• _TASK INSTRUCTIONS_
In the entries below, find the line containing "成都疯狂莎莎舞厅变淫乱天堂 抠逼摸奶一条龙口爆玩到飞起 站桩美女如云这夜晚简直刺激到炸！-15" and the line containing "Detail Gallery Image". Copy those two lines and everything between them exactly, and only that.

• _GIVEN ENTRIES_
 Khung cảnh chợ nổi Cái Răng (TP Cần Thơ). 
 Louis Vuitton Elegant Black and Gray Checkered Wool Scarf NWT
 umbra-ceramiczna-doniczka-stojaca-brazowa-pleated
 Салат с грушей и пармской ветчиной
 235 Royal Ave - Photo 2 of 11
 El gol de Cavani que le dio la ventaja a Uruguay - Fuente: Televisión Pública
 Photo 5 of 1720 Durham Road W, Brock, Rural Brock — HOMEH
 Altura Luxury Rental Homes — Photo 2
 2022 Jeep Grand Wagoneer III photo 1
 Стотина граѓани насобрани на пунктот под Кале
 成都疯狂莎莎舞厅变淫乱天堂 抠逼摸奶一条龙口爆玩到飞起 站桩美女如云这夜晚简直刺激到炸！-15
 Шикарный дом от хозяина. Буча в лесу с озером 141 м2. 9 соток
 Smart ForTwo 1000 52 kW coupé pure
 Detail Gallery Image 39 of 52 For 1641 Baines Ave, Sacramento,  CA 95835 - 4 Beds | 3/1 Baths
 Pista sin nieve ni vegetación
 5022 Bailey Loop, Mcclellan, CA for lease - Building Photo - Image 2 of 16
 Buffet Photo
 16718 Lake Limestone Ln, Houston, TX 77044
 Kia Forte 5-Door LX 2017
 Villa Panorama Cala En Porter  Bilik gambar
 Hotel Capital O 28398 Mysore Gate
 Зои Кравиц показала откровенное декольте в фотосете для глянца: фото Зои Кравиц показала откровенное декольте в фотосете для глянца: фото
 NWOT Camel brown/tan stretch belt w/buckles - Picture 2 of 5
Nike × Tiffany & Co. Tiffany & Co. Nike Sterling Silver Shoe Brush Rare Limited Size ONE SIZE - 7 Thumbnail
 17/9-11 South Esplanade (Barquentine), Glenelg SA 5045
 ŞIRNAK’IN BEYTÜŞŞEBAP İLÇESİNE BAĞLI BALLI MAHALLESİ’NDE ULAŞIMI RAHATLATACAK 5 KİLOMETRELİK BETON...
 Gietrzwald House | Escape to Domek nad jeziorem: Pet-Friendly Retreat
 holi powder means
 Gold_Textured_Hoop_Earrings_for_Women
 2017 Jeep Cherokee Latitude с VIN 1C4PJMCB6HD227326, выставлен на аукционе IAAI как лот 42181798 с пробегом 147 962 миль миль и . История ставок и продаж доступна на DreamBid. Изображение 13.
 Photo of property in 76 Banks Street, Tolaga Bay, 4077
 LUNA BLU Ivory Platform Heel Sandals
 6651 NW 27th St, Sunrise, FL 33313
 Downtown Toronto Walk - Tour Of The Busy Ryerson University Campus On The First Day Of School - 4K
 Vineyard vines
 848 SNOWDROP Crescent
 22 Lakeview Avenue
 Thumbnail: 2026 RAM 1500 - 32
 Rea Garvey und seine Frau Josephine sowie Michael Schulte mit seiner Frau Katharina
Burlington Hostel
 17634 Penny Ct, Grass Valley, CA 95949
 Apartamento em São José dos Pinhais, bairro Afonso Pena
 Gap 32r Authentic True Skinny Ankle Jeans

• _RESPONSE TO THIS EXERCISE_
 成都疯狂莎莎舞厅变淫乱天堂 抠逼摸奶一条龙口爆玩到飞起 站桩美女如云这夜晚简直刺激到炸！-15
 Шикарный дом от хозяина. Буча в лесу с озером 141 м2. 9 соток
 Smart ForTwo 1000 52 kW coupé pure
 Detail Gallery Image 39 of 52 For 1641 Baines Ave, Sacramento,  CA 95835 - 4 Beds | 3/1 Baths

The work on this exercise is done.